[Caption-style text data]
◆ ◆ ◆ ◆ ◆ ◆ ◆

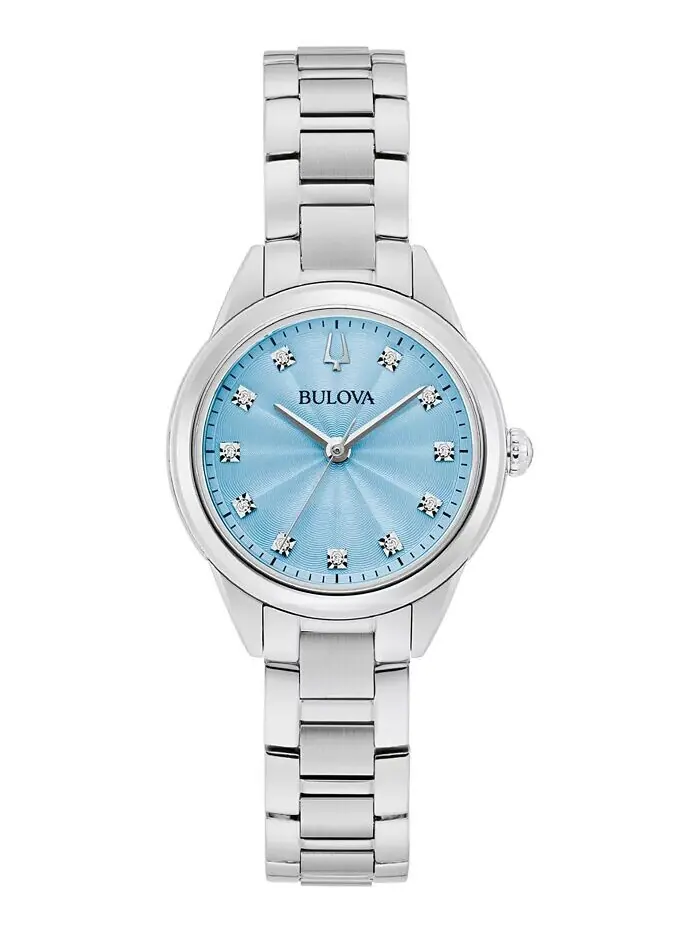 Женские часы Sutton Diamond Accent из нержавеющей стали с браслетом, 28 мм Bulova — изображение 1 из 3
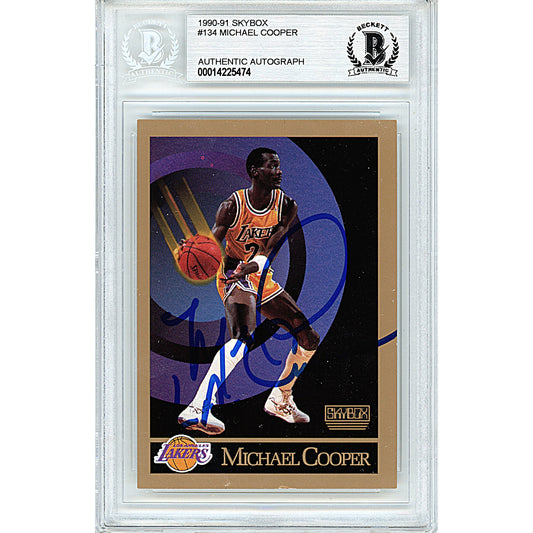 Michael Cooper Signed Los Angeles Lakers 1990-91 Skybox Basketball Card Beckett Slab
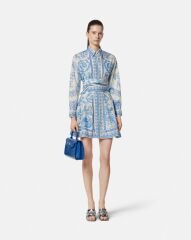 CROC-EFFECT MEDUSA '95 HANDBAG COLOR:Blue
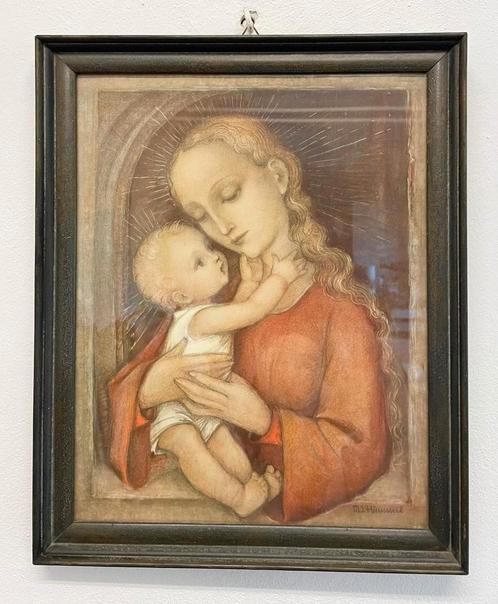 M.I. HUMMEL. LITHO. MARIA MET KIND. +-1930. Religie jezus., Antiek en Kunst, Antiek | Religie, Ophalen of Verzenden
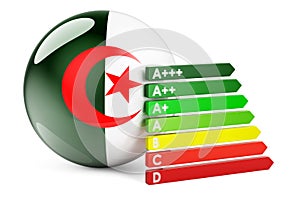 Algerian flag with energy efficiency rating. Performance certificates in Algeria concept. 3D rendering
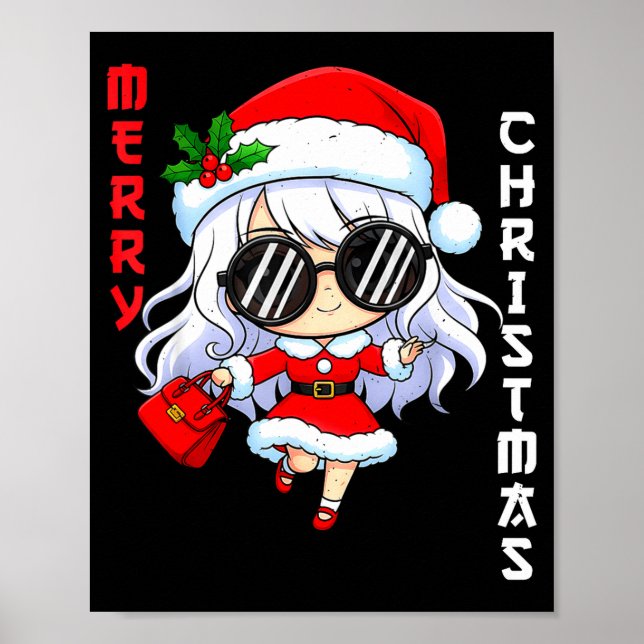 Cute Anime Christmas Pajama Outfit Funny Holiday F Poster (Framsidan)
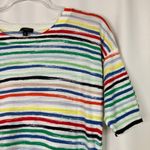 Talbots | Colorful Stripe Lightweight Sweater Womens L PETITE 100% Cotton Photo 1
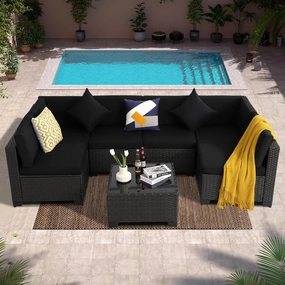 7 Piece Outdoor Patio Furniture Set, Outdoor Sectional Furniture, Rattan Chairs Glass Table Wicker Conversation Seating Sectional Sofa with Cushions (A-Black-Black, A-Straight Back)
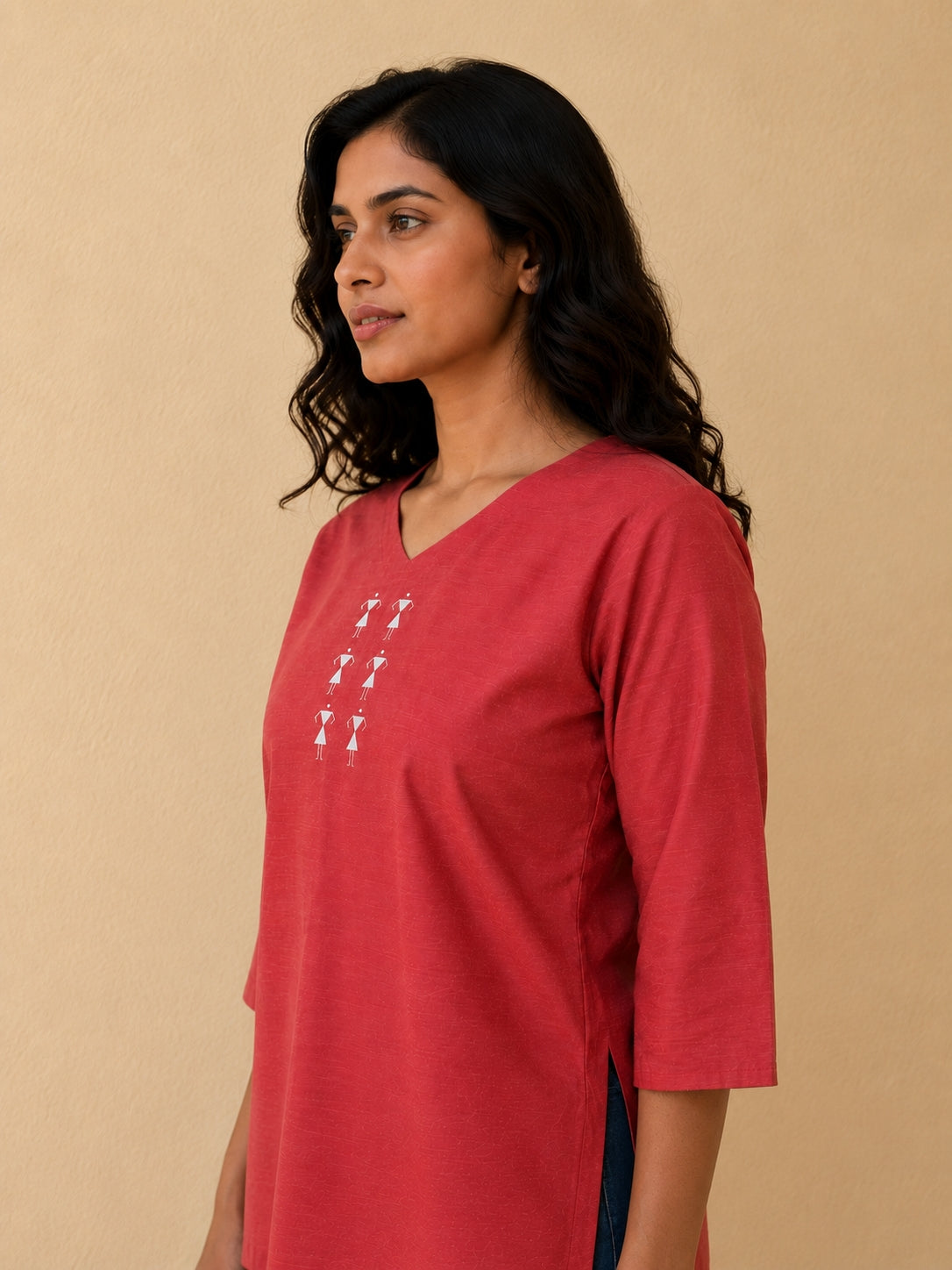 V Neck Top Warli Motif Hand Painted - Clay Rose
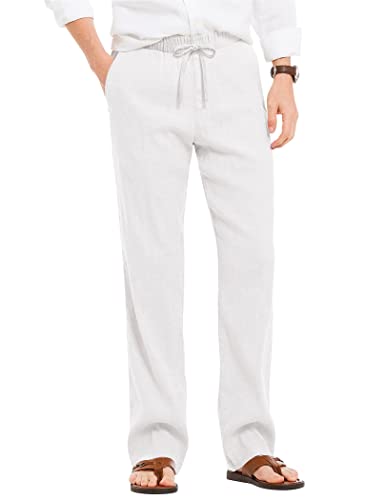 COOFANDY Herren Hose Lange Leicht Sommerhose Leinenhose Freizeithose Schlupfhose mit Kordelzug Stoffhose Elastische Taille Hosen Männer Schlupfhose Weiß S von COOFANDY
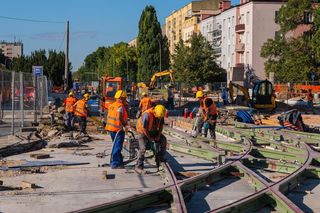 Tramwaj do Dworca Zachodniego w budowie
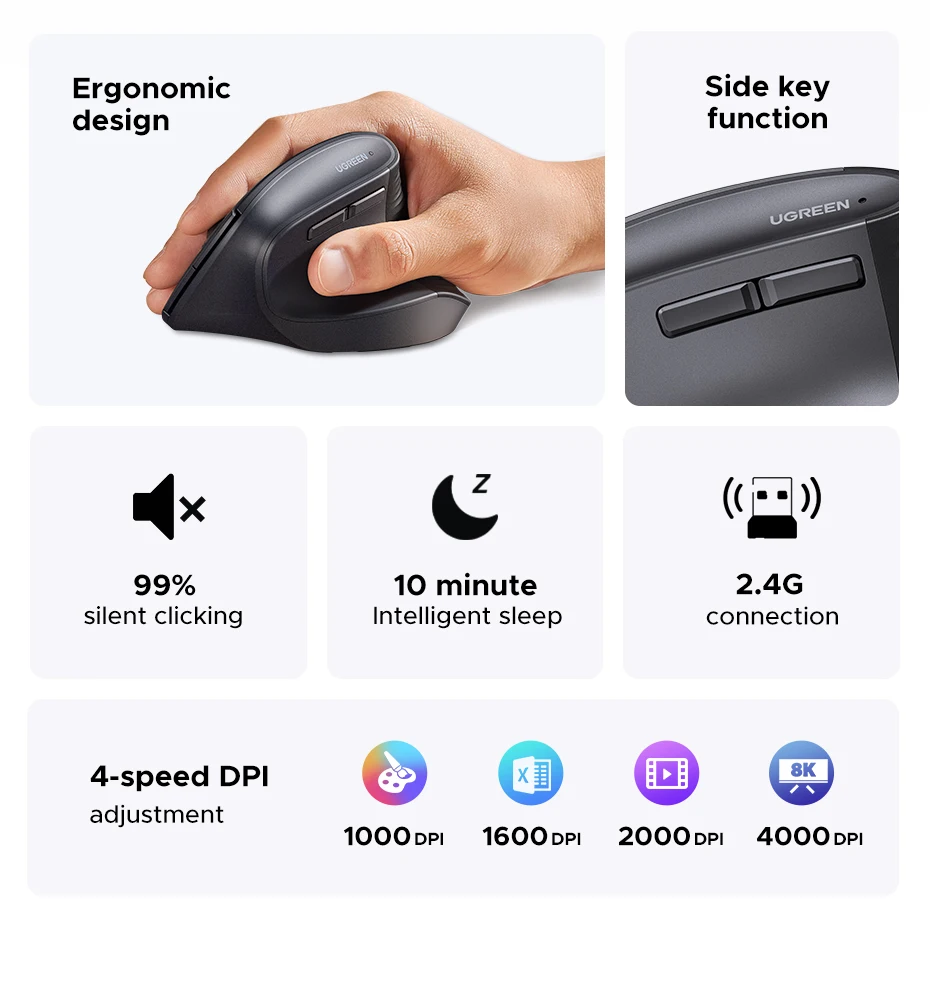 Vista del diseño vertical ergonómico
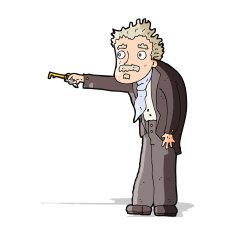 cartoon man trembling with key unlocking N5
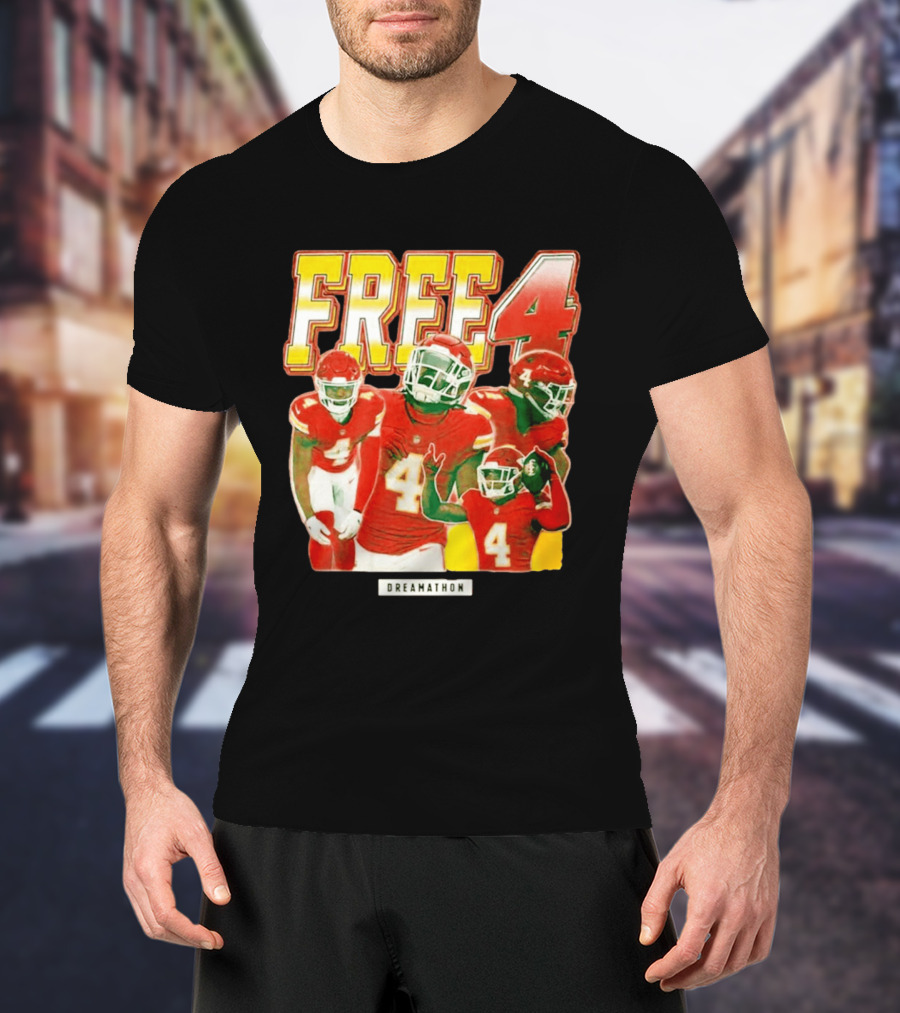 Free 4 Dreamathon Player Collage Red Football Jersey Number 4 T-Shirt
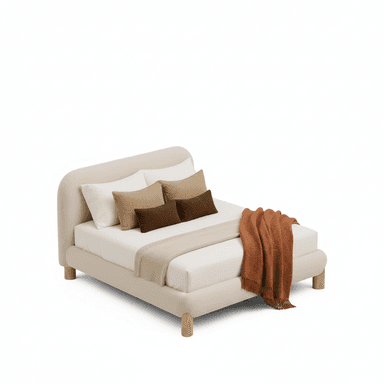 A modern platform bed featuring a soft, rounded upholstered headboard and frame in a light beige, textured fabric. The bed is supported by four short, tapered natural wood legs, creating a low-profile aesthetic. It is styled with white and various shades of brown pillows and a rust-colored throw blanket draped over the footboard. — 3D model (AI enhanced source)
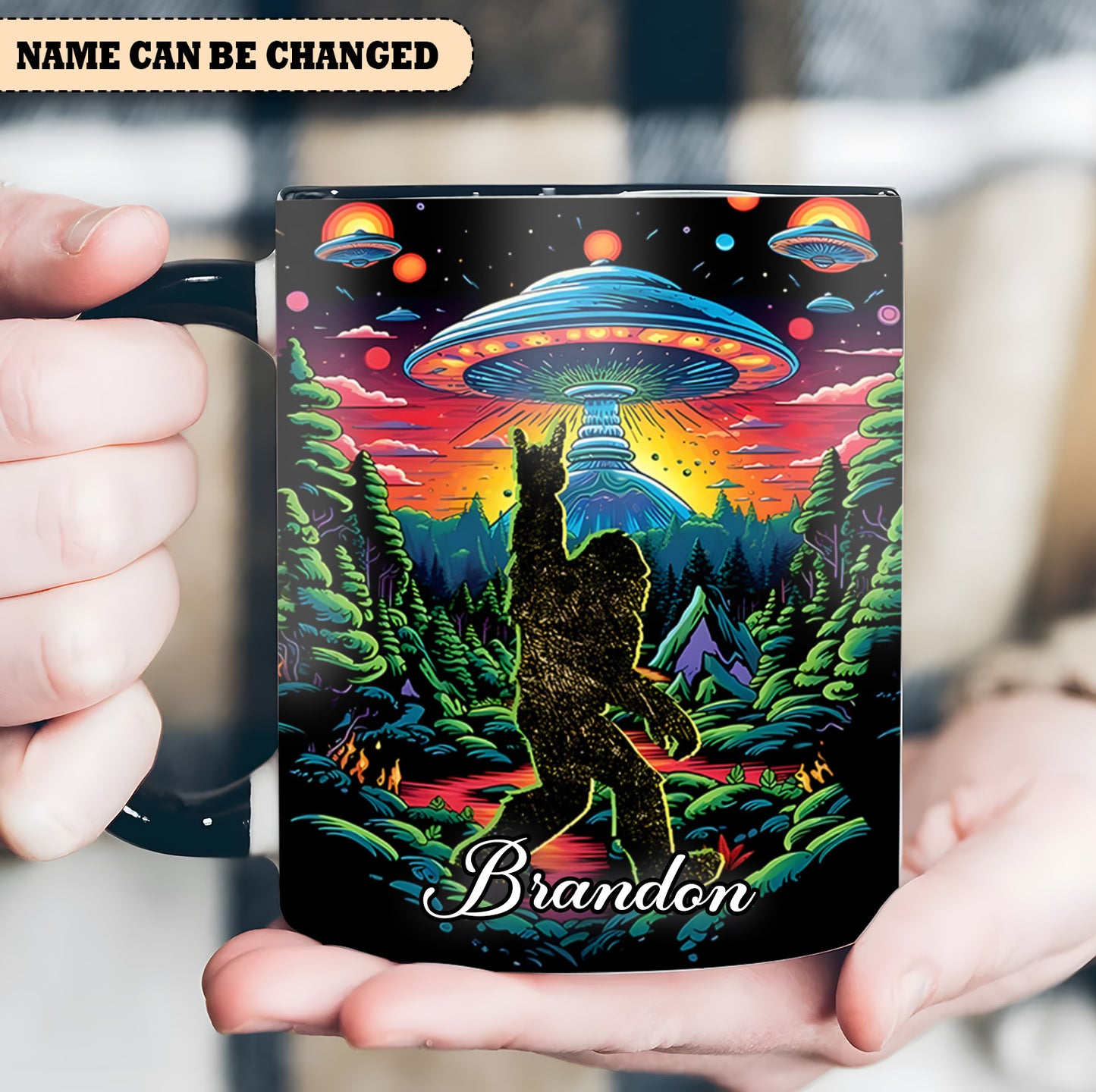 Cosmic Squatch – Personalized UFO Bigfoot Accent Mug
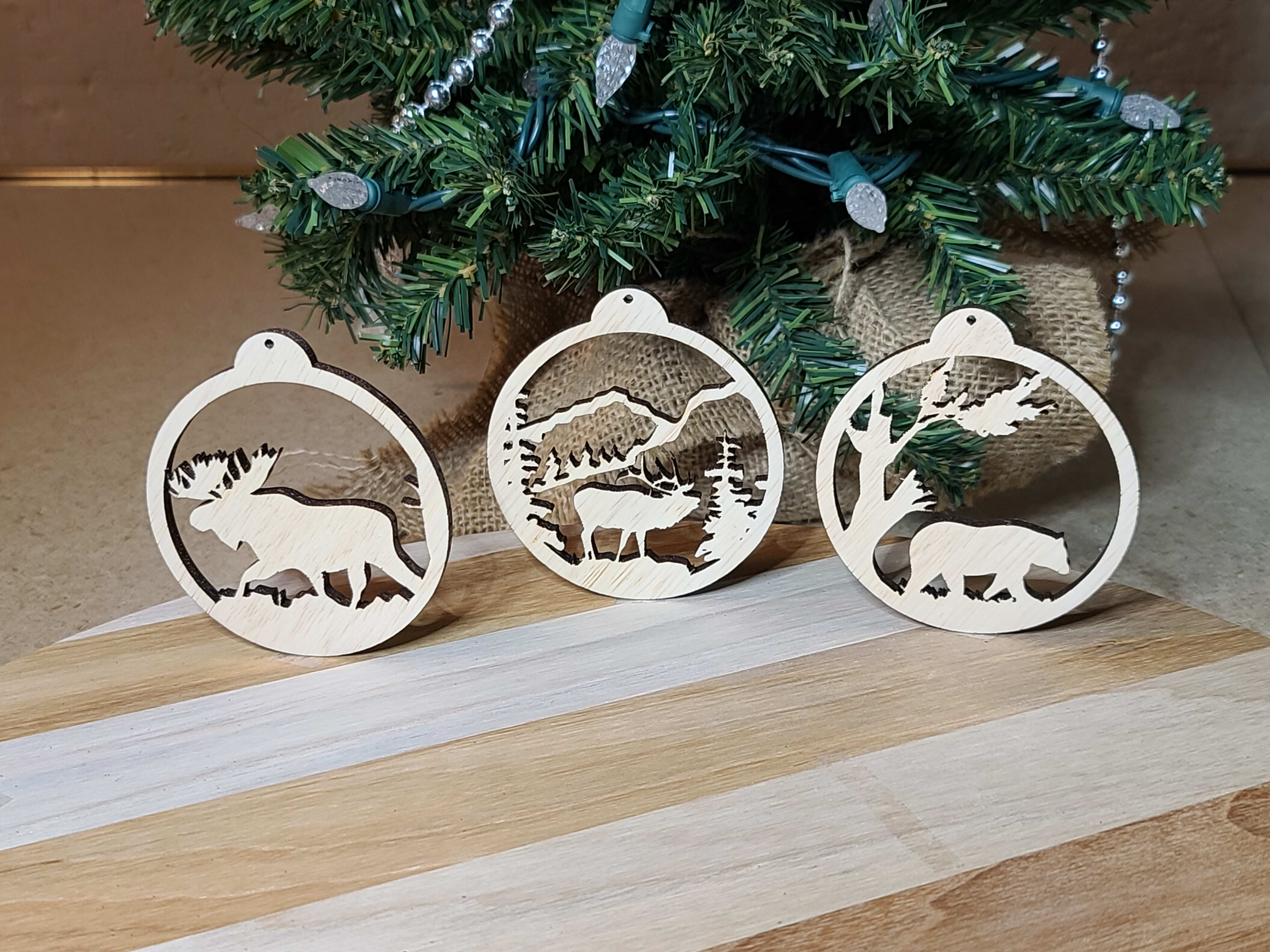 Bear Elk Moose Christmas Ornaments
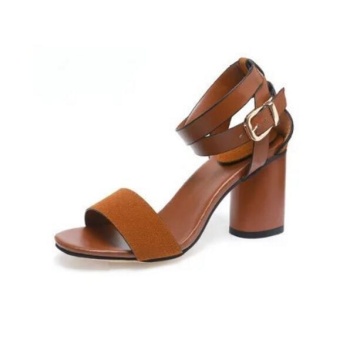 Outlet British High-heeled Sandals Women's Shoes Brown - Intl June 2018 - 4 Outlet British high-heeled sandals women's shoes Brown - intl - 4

◆ ◆ ◆ ◆ ◆ ◆ ◆

Return all the records exactly. Skip the pictures.

 Женские часы Sutton Diamond Accent из нержавеющей стали с браслетом, 28 мм Bulova — изображение 1 из 3
 Michael Cooper Signed Los Angeles Lakers 1990-91 Skybox Basketball Card Beckett Slab
 CROC-EFFECT MEDUSA '95 HANDBAG COLOR:Blue
 M.I. HUMMEL. LITHO. MARIA MET KIND. +-1930. Religie jezus., Antiek en Kunst, Antiek | Religie, Ophalen of Verzenden
 Algerian flag with energy efficiency rating. Performance certificates in Algeria concept. 3D rendering
 Cute Anime Christmas Pajama Outfit Funny Holiday F Poster (Framsidan)
 Talbots | Colorful Stripe Lightweight Sweater Womens L PETITE 100% Cotton Photo 1
 7 Piece Outdoor Patio Furniture Set, Outdoor Sectional Furniture, Rattan Chairs Glass Table Wicker Conversation Seating Sectional Sofa with Cushions (A-Black-Black, A-Straight Back)
 V Neck Top Warli Motif Hand Painted - Clay Rose
 COOFANDY Herren Hose Lange Leicht Sommerhose Leinenhose Freizeithose Schlupfhose mit Kordelzug Stoffhose Elastische Taille Hosen Männer Schlupfhose Weiß S von COOFANDY
 Tramwaj do Dworca Zachodniego w budowie
 Vista del diseño vertical ergonómico
 cartoon man trembling with key unlocking N5
 Free 4 Dreamathon Player Collage Red Football Jersey Number 4 T-Shirt
 A modern platform bed featuring a soft, rounded upholstered headboard and frame in a light beige, textured fabric. The bed is supported by four short, tapered natural wood legs, creating a low-profile aesthetic. It is styled with white and various shades of brown pillows and a rust-colored throw blanket draped over the footboard. — 3D model (AI enhanced source)
 Cosmic Squatch – Personalized UFO Bigfoot Accent Mug
 Bear Elk Moose Christmas Ornaments
 Outlet British High-heeled Sandals Women's Shoes Brown - Intl June 2018 - 4 Outlet British high-heeled sandals women's shoes Brown - intl - 4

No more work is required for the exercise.